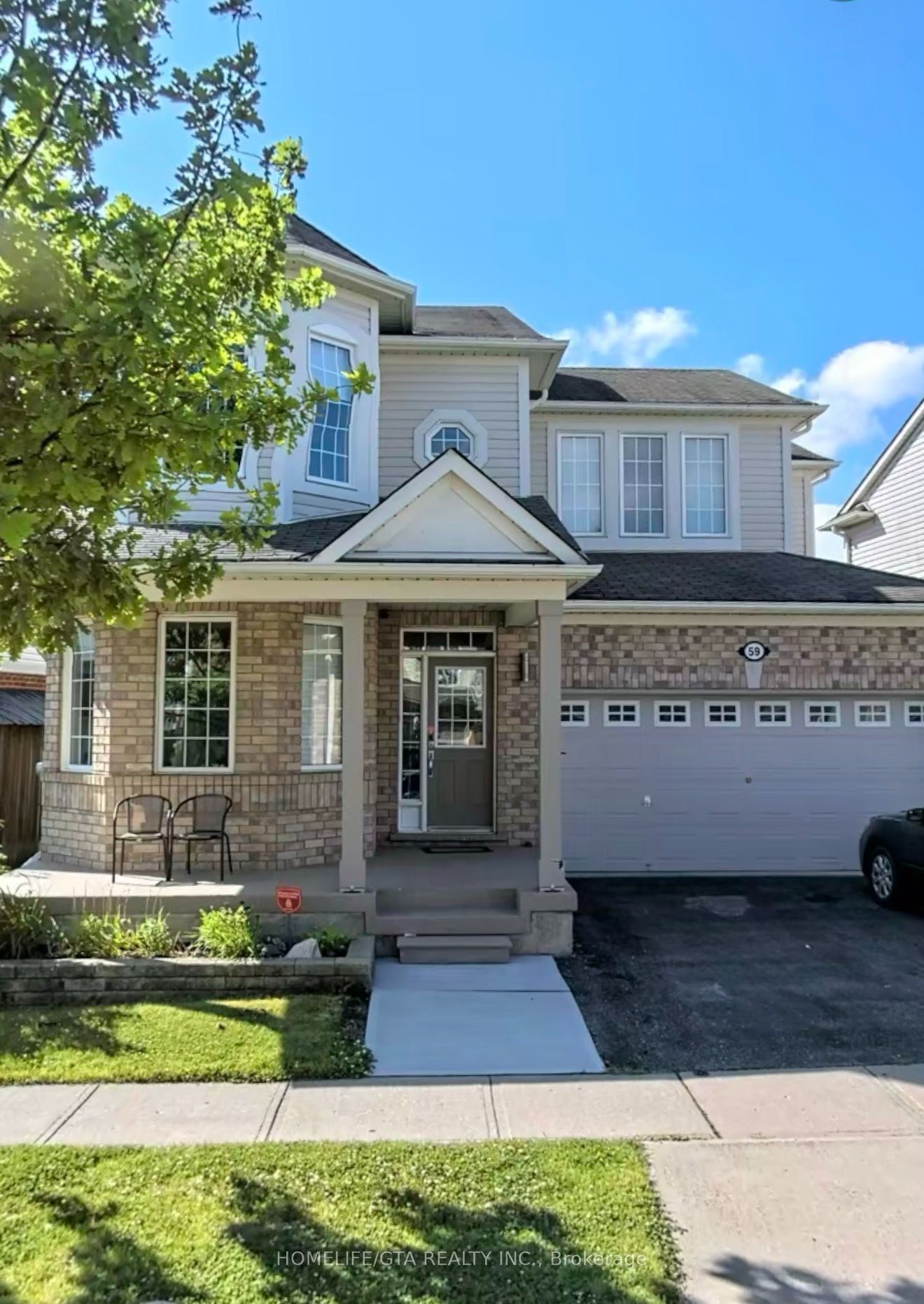 59 Brayshaw Drive, Cambridge, ON N1T 2H7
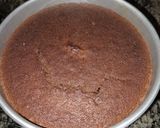 Foto del paso 4 de la receta: Torta de chocolate y crema bariloche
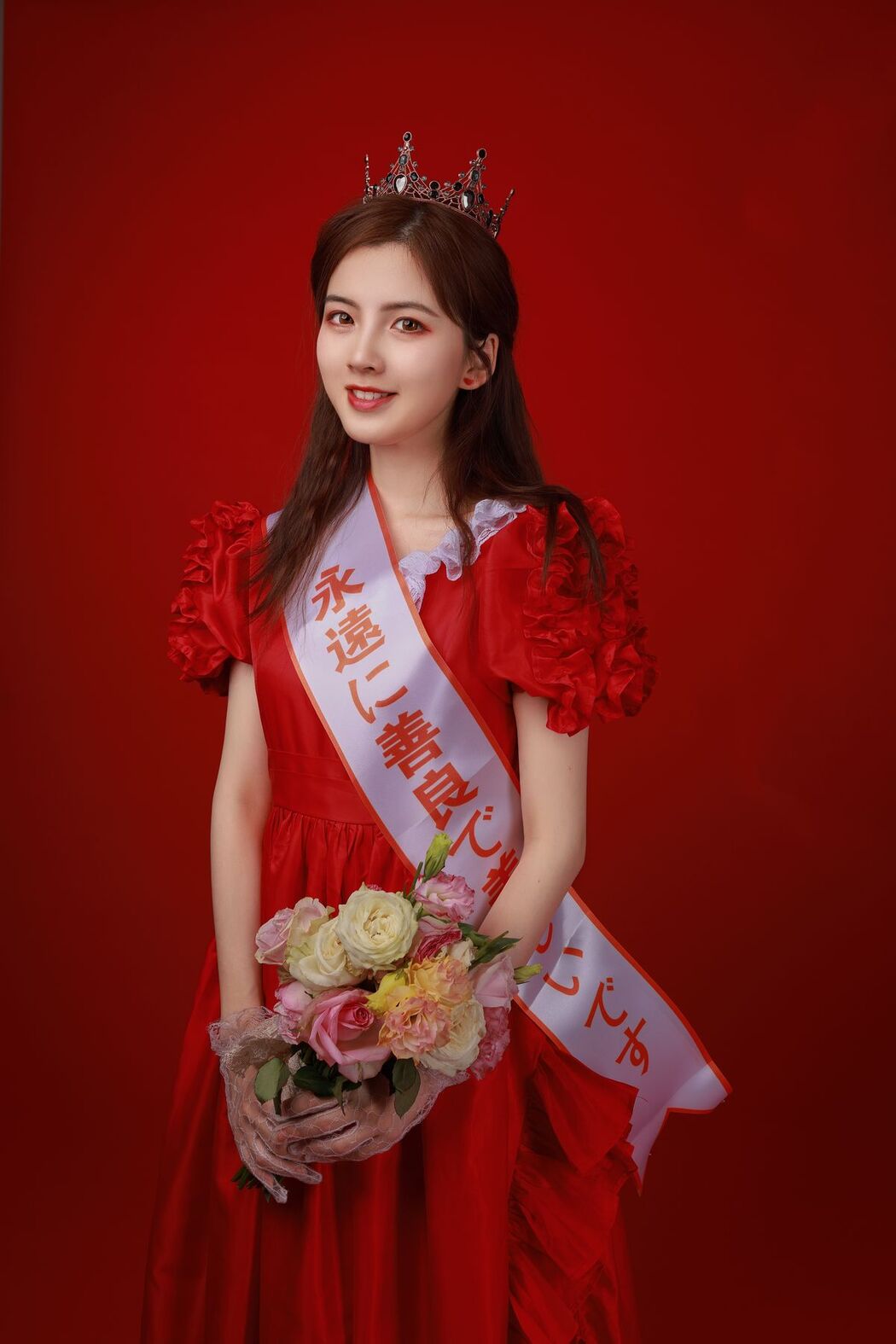 YiTuYu艺图语 Vol.3046 Dtifa Ding Xiao Ni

* _EXERCISE AIM_: Leave the images out as you retype each line of the material exactly.

* _RESULT BELOW_:
 59 Brayshaw Drive, Cambridge, ON N1T 2H7
 Foto del paso 4 de la receta: Torta de chocolate y crema bariloche
 YiTuYu艺图语 Vol.3046 Dtifa Ding Xiao Ni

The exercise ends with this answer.